« Les enfants ne comprennent pas pourquoi ils ne sont pas avec leur papa » : Amy, séparé de son mari aux Canaries

Marlène Panara Publié le : 20/06/2024 dans Infomigrants
Après une périlleuse traversée de l’océan Atlantique, Amy et sa famille ont atteint l’archipel des Canaries. Mais peu après leur arrivée, la famille originaire du Sénégal est séparée, le temps d’effectuer des tests de paternité. Une séparation très difficile pour les trois enfants du couple. Témoignage.

Amy* a pris la mer en Mauritanie pour les Canaries il y a trois mois. Après une périlleuse et difficile traversée, qu’elle ne souhaite pas évoquer, la jeune Sénégalaise, débarque à El Hierro, à l’ouest des Canaries, avec sa petite sœur, son mari et leurs trois enfants de 9, 5 et 1 an et demi. Elle attend, depuis, d’être transférée avec sa famille sur le continent européen.
« Après un mois à El Hierro, on a tous été emmenés à Las Palmas [sur l’île de Grande Canarie, ndlr]. C’est là que mon mari et moi avons été séparés. Avec les enfants et ma sœur, on vit dans le centre géré par Cruz Blanca. Mon mari, lui, est dans celui de la Croix-Rouge. Les deux structures sont séparées par un grillage.

La journée, on peut sortir, alors on se voit dans un petit parc dehors. C’est la seule façon d’être ensemble, car quand on se parle à travers le grillage, les gens du centre nous disent d’arrêter, que c’est interdit.

C’est très difficile de ne pas être ensemble dans le centre.

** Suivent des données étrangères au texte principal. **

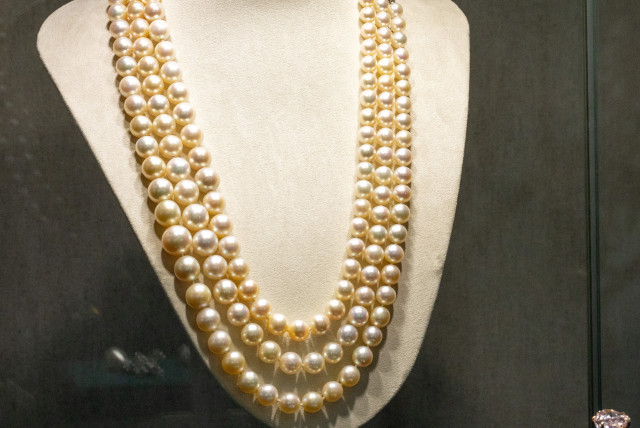 A Three Strand Natural Pearl Necklace by Harry Winston is seen during a preview of the 700-piece jewellery collection of the late Austrian billionaire Heidi Horten at Christie’s before the auction sale in Geneva, Switzerland, May 8, 2023 (credit: DENIS BALIBOUSE/REUTERS)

Les enfants ne comprennent pas pourquoi ils ne sont pas avec leur papa le soir, ou quand ils vont se coucher. Ils n’ont pas l’habitude.

Une fois aux Canaries, les familles sont soumises à des tests ADN pour vérifier leur lien de parenté, d’après la Croix-Rouge espagnole. Le but : vérifier que les mineurs voyagent bien avec des membres de leur famille. Si un enfant voyage avec une autre personne que ses parents, des exceptions peuvent être faites, avec l’aide d’un assistant social. Ces procédures peuvent prendre plusieurs semaines.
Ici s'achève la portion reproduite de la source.